I haven't checked backlinks in a few days, but last week I noticed that I had very few, probably a tenth of normal. Also, there were no related pages to any other page. I have a feeling that by mid-week those should all be back to normal too.
So, I guess the DCs are definitely still dancing. Don't give up hope if you've been crushed.
And, conversely, don't go out and buy that porsche just yet.. ;)
I've pulled AdSense off the site and I'll pull the Amazon links at the end of this quarter. I can't imagine either of those is a problem but it's all I can think of to try.
Yep me too. This update has probably been going on for a week at least. The major changes were only starting to get noticed on the 20th.
So plenty more still to be added to the mix? And with PR rolling back and forwards then who knows where it will settle.
[64.233.183.104...]
[64.233.183.99...]
However serps of those two are much different from the rest of the DCs I looked at (as far as my keyphrases are concerned).
#1 A site that is optimized for "free widget plans" but offers nothing but a widget plan software.
#2 A site that used to rank 5 notches lower, perhaps because it was in "frames"
#3 A very poor, very short list of links with horrible descriptions.
#4 A magazine about "widget plans."
#5 A spammy list of links to "free widget plans" stuffed with keywords, popunders and affiliate links.
#6 A custom widget store. No widget plans, free or otherwise.
#6 A custom widget store. Sells a few widget plans.

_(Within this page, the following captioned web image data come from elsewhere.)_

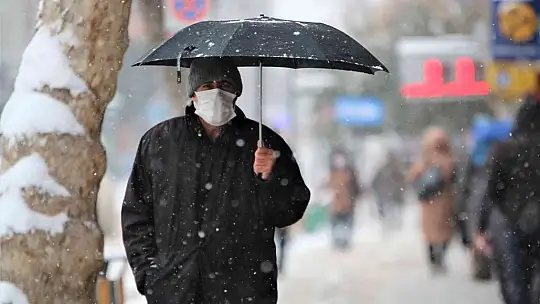 Elazığlılar kar yağışını sevinçle karşıladı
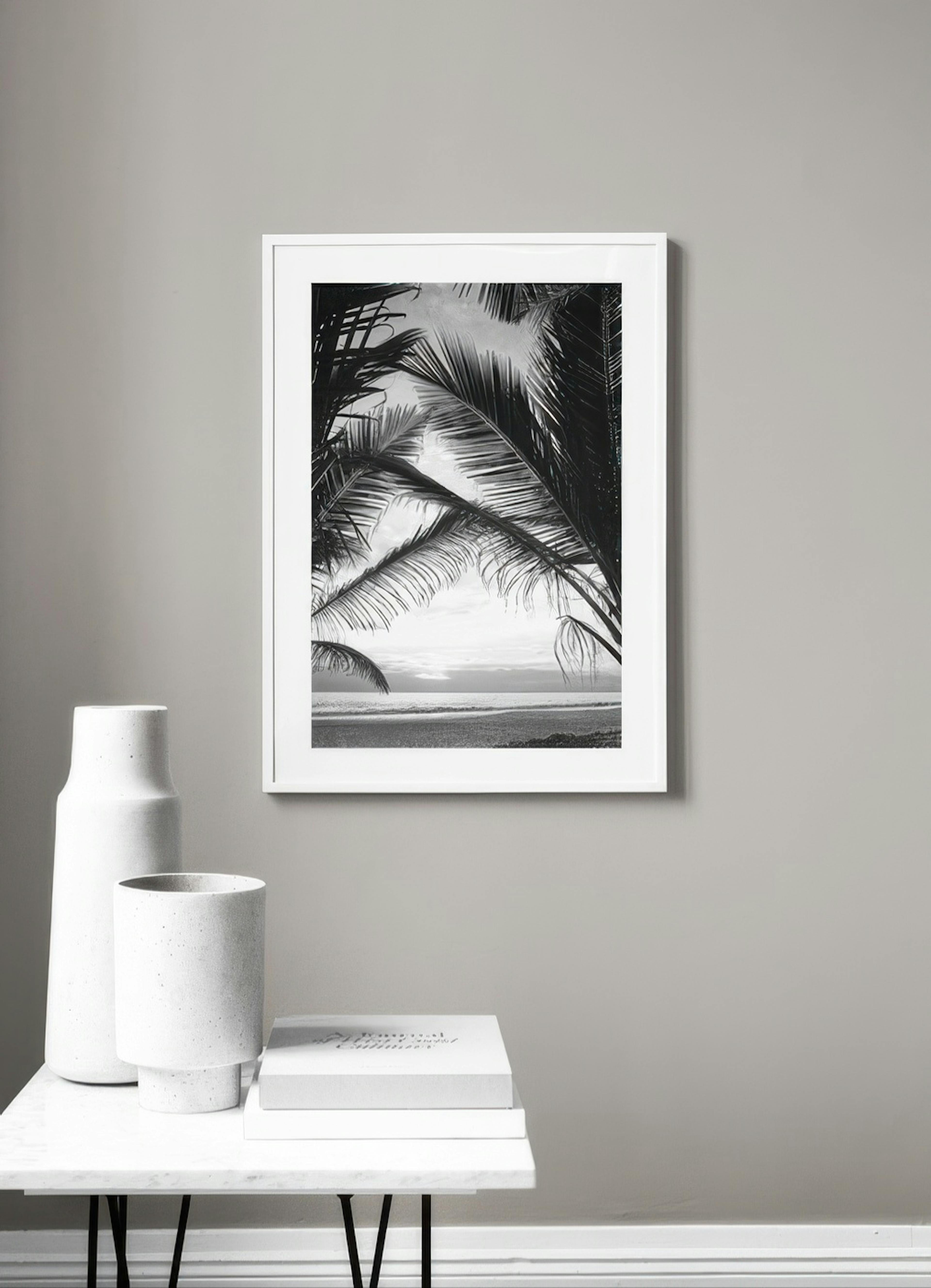 Between Palm Leafs Affiche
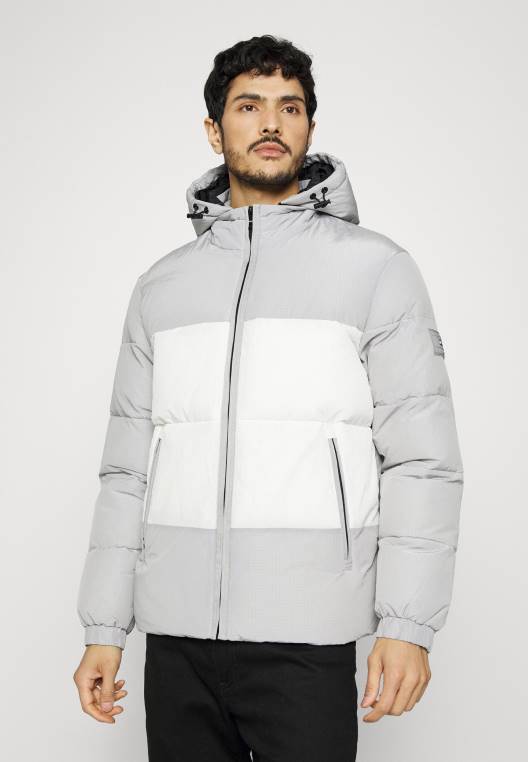 מעיל חורף עם קפוצ'ון גבוה בלוק NX208708 אפור ברזל Tommy Hilfiger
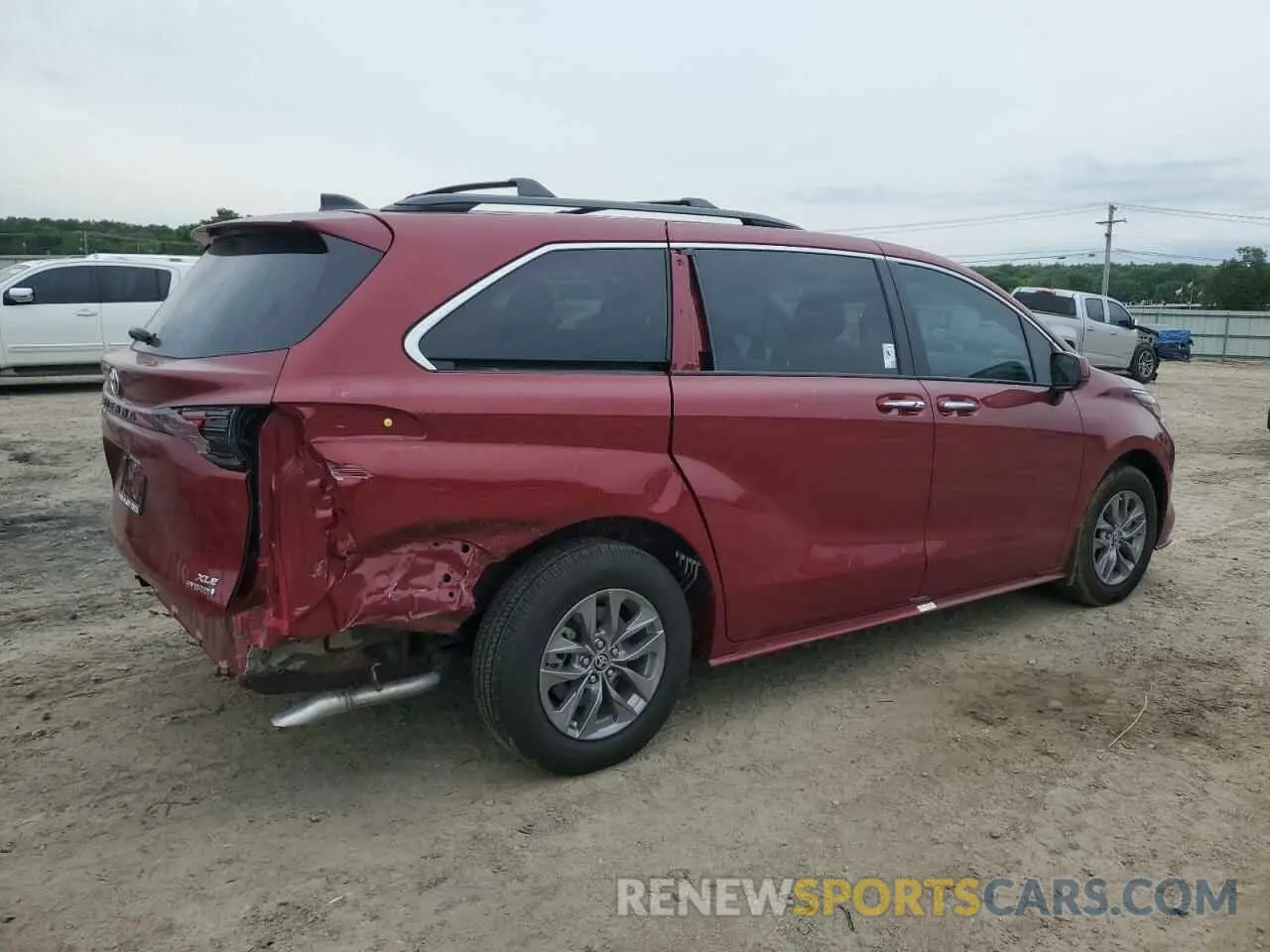 3 Photograph of a damaged car 5TDYRKEC0RS192389 TOYOTA All Models 2024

#8 A page with half a dozen free widget plans.
#9 A painfully short list of "free widget plan" links that hasn't been updated in ages.
#10 A store that mercifully only offers a few "free widget plan" that are simply godawful.
My site that offers 450, outstanding original widget plans with W-A-A-A-A-Y more inbound links than any of the above clowns... #145.
My guess is if your page looks like it's not about the keyword combination, and just happens to mention that combination out of the blue, you'll do extremely well.
I can't imagine google dropping a book review site because of amazon links. That would be ridiculous. I highly doubt they'll penalize you for adsense either.
I agree either seems rather implausible, but it's hard to think what else to try. The problem may be that I was using Amazon search results as AdSense alternate ads - is anyone else using Amazon links inside iframes?
But my rankings were fine in December/January with the same ads and link structure that produced poor rankings in November, bad rankings from February onwards, and now truly appalling ones, so maybe it's all completely out of my control.